First Impressions of the AWS Graph Explorer

Published on January 9, 2023 4 min read

AWS graph explorer is a new open-source graph visualization tool for both Property Graphs and RDF triples. It is straightforward to deploy and connect to data sources through SPARQL. The user interface is intuitive and customizable.

As a graph data enthusiast, I have a strong interest in graph visualization tools. Last weekend, I had an opportunity to play with the newly open-sourced AWS Graph Explorer. My first impression was that of great promise. The user interface was intuitive and easy to use, while the range of options and customization capabilities gave me a sense of the power of the tool.

Background

The Graph Explorer is a component of the Amazon Neptune graph database product to allow users browse graph-based data interactively without writing queries. It was open sourced by Amazon on Jan 3, 2023 (press release).

Deployment

It is straightforward to build and launch the Graph Explorer locally as a Docker container:

docker build --build-arg host=localhost -t graph-explorer .
docker run -p 5173:5173 -p 8182:8182 graph-explorer

Once the container was launched, I could open the Graph Explorer app at https://localhost:5173. Additionally, the container came with a proxy server on port 8182, which was needed when I connected to data sources without CORS header (e.g. Wikidata).

Data Connectivity

Since I primarily use RDF, my interest is in exploring the connectivity with RDF triple stores through the SPARQL 1.1 protocol. By default, the Graph Explorer appends /graph to a data source URL and uses the GET method to issue SPARQL queries. This is a little limiting and I wish more configuration flexibility for request/response handling will be supported soon.

Upon connecting to a data source, the Graph Explorer will fetch all the distinct classes and then attempt to retrieve all the predicate information for each class. The latter step led to a large number of simultaneous requests depending on the graph size/structure and in my experience easily overwhelmed many public SPARQL endpoints. This could potentially be mitigated via pagination.

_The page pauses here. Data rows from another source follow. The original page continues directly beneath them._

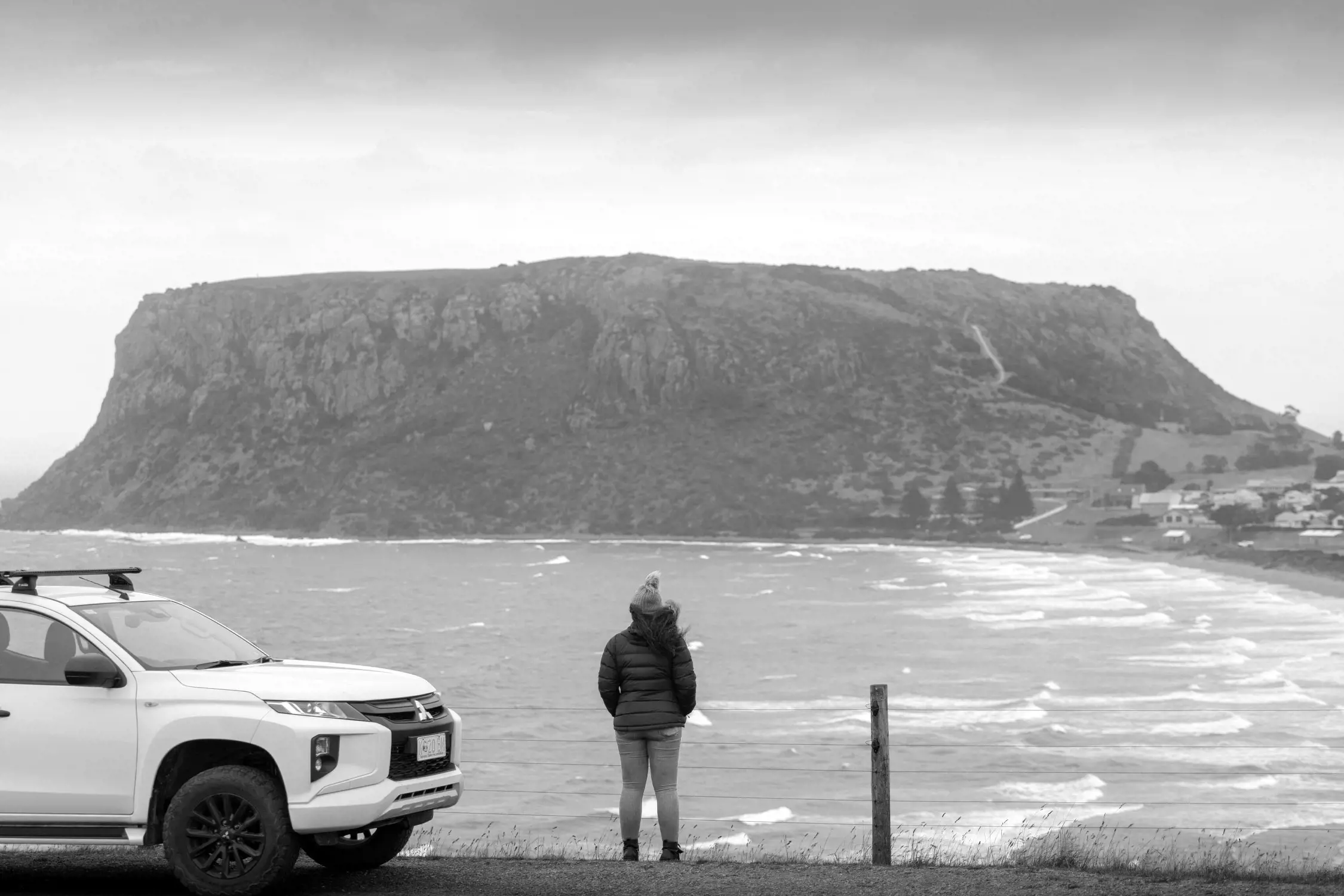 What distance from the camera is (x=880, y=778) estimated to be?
9.24 meters

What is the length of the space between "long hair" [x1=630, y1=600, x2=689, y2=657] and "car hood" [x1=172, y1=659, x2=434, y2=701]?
1.55 metres

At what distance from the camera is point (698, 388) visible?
191 meters

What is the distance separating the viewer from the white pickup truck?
7.66 m

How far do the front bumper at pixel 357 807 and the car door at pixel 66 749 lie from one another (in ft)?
3.19

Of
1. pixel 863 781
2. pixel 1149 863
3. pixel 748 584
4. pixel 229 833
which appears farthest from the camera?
pixel 748 584

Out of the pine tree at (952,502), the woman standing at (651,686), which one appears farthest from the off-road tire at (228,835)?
the pine tree at (952,502)

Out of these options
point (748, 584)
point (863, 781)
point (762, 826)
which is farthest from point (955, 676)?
point (748, 584)

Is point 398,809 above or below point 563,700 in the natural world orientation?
above

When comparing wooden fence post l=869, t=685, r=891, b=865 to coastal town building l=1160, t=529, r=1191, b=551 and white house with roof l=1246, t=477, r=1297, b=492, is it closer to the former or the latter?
coastal town building l=1160, t=529, r=1191, b=551

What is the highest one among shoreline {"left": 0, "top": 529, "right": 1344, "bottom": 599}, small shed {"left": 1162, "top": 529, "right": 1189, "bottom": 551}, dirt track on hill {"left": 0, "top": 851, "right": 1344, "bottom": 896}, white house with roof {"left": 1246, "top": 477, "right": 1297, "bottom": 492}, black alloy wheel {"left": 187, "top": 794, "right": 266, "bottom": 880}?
white house with roof {"left": 1246, "top": 477, "right": 1297, "bottom": 492}

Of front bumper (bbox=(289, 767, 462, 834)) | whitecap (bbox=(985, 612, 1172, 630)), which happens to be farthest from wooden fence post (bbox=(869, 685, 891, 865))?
whitecap (bbox=(985, 612, 1172, 630))

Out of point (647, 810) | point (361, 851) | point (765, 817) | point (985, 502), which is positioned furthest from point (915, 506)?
point (361, 851)

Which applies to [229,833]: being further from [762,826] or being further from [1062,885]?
[762,826]

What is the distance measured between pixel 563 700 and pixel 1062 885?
1415 inches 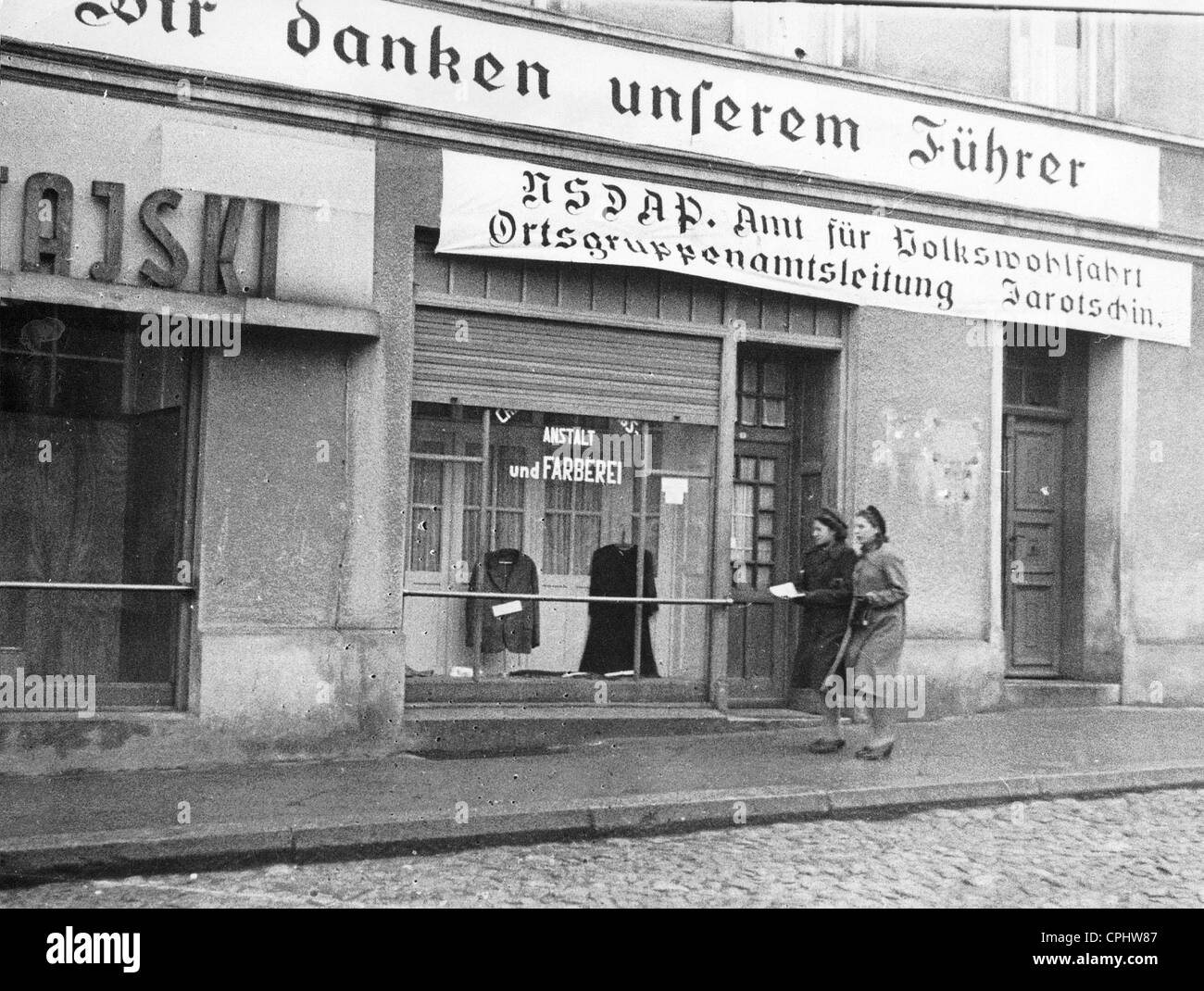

# Fetch all the distinct classes
SELECT ?class  (COUNT(?start) AS ?instancesCount) {
  ?start a ?class
}
GROUP BY ?class

# Retrieve predicates for each class
SELECT DISTINCT ?pred (SAMPLE(?object) as ?sample) {
    ?subject a     <http://prokino.uga.edu/prokino#GeneExpression>;
              ?pred ?object.
    FILTER(!isBlank(?object) && isLiteral(?object))
}
GROUP BY ?pred

I had difficulty with the following data sources due to the limitations mentioned above:

RDF Data StoreReason
https://query.wikidata.org/Too many simultaneous requests during intialization
http://id.nlm.nih.gov/mesh/Too many simultaneous requests during intialization
https://data.nobelprize.org/Uses POST request
https://idsm.elixir-czech.cz/chemweb/Requires special request/response handling

User Interface

Eventually I was able to connect to the public Protein Kinase Ontology database (http://vulcan.cs.uga.edu/), which has 7.31 M resources and 18.83 M predicates according to the Graph Explorer.

Data connections in AWS Graph Explorer

Once connected, I could pick any of the classes and then on the next page select resources to be added to the graph view.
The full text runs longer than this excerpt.